Holiday Magic

December 2012
Written By: 
Denise Mullen

Spending one last Christmas with Dad

 

 

 

Deep down, I dreaded the first Christmas after my father’s death.

Since his funeral, joy had left me. How was I to find the ho, ho, ho in holidays in the face of the empty chair at the kitchen table, the missing voice in the crowd? Who was going to take up his spot as gift-passer-outer?

Gritting my teeth as I pulled into the driveway of my family home, I had no idea that healing was about to begin.
It all started that night with the Christmas Eve moon.

Glowing in the inky sky just above the rooftops like a greeting card fantasy, it seemed as though you could reach out and touch it, while thousands of snowflakes fluttered onto tree limbs like down feathers.

My mother and I drank our egg nog on the front porch, marveling at the picture-perfect scene before us, not able to pull ourselves away until the chilly winds numbed our cheeks and fingers.

Holiday tunes played from the stereo and the kitchen was warm and inviting with the gathering of friends and family.

We all looked up in unison, in mid-sentence or sip or bite, when the chandelier dimmed itself. It stayed in this state until a Frank Sinatra song played and on cue with Frank’s first note, it flared into brightness beyond its normal capacity.

Frank Sinatra had long been my parents’ all-time favorite entertainer, a voice my father spent years trying to emulate.

“What’s going on,” my sister said, her teenage son pulling nervously at his hair.

“The electrical in this old house is shot!” declared my uncle, a somewhat crusty, retired police detective.

“This is so weird,” our neighbor said. “My house is just as old and I’ve never had a light do that on its own.”

“I think it’s Dad!” I blurted, just as the chandelier turned on its high beams again, and in spite of myself, I laughed out loud.
Lights throughout the house went haywire that night, especially the sconce in the upstairs hallway that lit every time I passed by—an occurrence that sent my 14-year-old nephew hiding under bed covers.

On behalf of her son, my sister demanded that someone prove to him that this was all somebody’s idea of a bad joke.
The ex-detective uncle took the charge.

“How can you be afraid of a little light?” he growled while standing on the stairway landing, directly across from the wall sconce under investigation. “You see, it’s off, it’s nothing. Watch this.”

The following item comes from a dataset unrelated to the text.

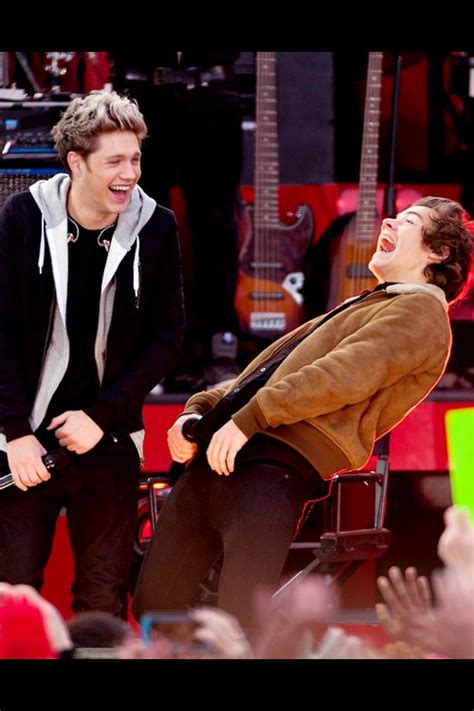 Harry Styles and Niall Horan ️ I love it when they laugh!!!!!!! | Fotos de one direction ...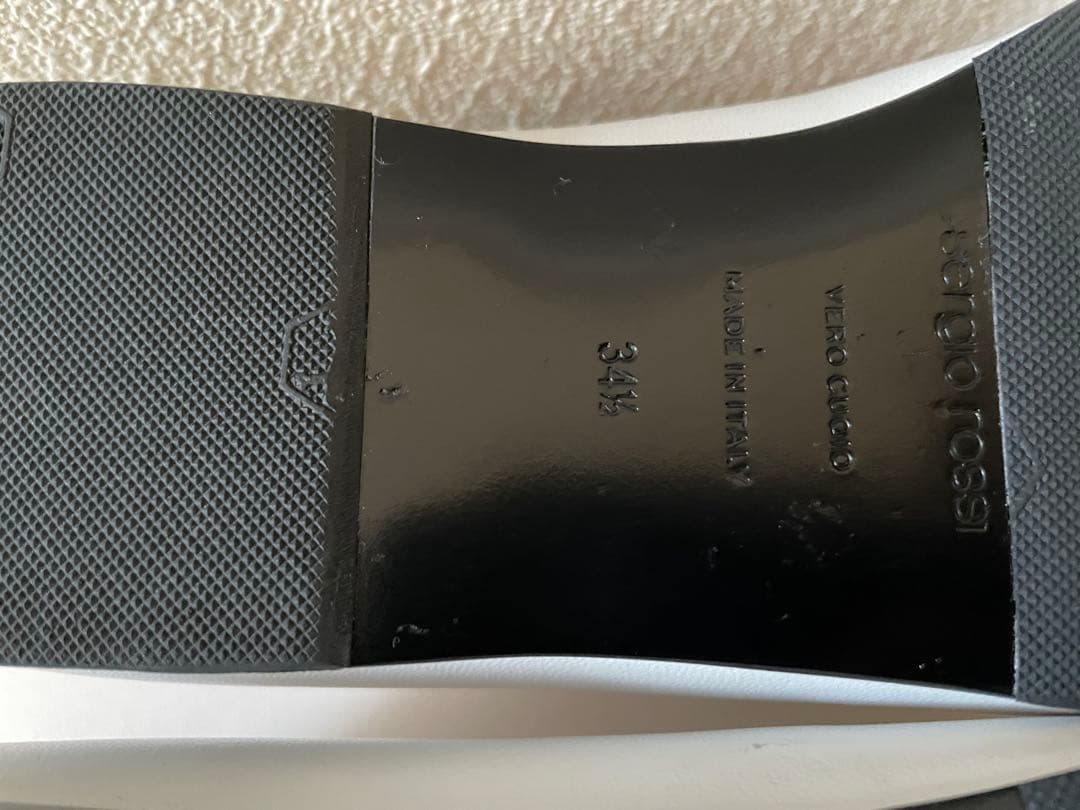 靴 sergio rossi sr1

He stuck his tongue out at the light, thumbs tauntingly stuck in his ears, grinning from ear to ear.

And the light popped on.

My nephew jumped back under the covers just as my uncle turned and leapt to the bottom of the stairs. “Maybe he is here,” my uncle whispered in wide-eyed fright to my mother. “He would think that was funny.”

I could almost hear my dad, somewhere in the distance, doubled over in laughter.

Christmas morning opened with a fresh rash of mysterious goings-on.

“Look,” my mother said as she opened the kitchen cupboard. “That drip is gone!” The pan under the main pipe was dry and the years of a perpetual drip that baffled the most experienced plumber was over.

But what really tickled my mother was that someone installed the storm door, even though it had swelled and shifted shape during the summer and was condemned by all as never going to fit that doorway.

She was determined to find the perfectly logical explanation. Mother questioned everyone and canvassed the neighbors, only to get odd looks and no confessors.

“It had to be one of the neighbors, as a Christmas gift to me,” she said, but her chuckle was strained.

Knowing I was the only one in the house that felt safe and sound and happier than I had in six months, I kept my thoughts on the subject to myself.

You can’t see or touch the holiday spirit, but we know it’s there. That warm embracing feeling you get with every waft of the Christmas tree, that tingle when you read your name on a gift tag, that sappy humming to a familiar carol. If the holiday season can magically create a circle of love and light, could it not be powerful enough to attract the spirit of a loved one passed?

All I can tell you is that I was given the greatest gift of my life—I got to spend one more Christmas with my Dad.

 And, yes Virginia, I do believe there’s a Santa Claus.